According to Cointelegraph, a cryptocurrency specialized media outlet, on May 30 (local time), Cory Klippsten, CEO of Swan Bitcoin, stated that individual investor sentiment surrounding Bitcoin should continue to be monitored. He explained that although institutional participation has grown, Bitcoin's ownership structure is not concentrated in specific Wall Street institutions.
In a Cointelegraph YouTube interview, Klippsten said, “It's not a structure where BlackRock holds Bitcoin and Fidelity holds Bitcoin. In reality, most of those who buy Bitcoin are individual accounts.” He explained that even if investors buy Bitcoin through the 'packaging' of an ETF, they still need to acquire and store the actual supply, and this demand is removed from the market supply.
He emphasized that while some paper products and futures products complicate the market structure, the ability to directly acquire on-chain Bitcoin is its unique differentiator. This means that the proliferation of institutional products does not diminish the importance of individual demand; rather, it is reflected in the Bitcoin market through actual supply and demand and custody structures.

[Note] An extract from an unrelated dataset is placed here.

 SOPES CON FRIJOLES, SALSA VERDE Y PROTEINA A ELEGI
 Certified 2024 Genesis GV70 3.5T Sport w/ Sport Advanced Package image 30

U.S. spot Bitcoin ETFs recorded a cumulative net outflow of $2.9 billion since May 15. During the same period, Bitcoin fell by approximately 9.5%. The Crypto Fear & Greed Index registered 23 on Friday, indicating a state of extreme fear and signaling that investors have become more cautious in approaching the cryptocurrency market.
Klippsten also assessed that the likelihood of Bitcoin setting a new all-time high in 2026 has decreased. He stated that earlier this year, when Bitcoin was trading around $95,000, he saw about a 50% chance of a new high within the year. However, with a subsequent drop of about 23% to around $70,000, he has lowered that probability to between 20% and 25%.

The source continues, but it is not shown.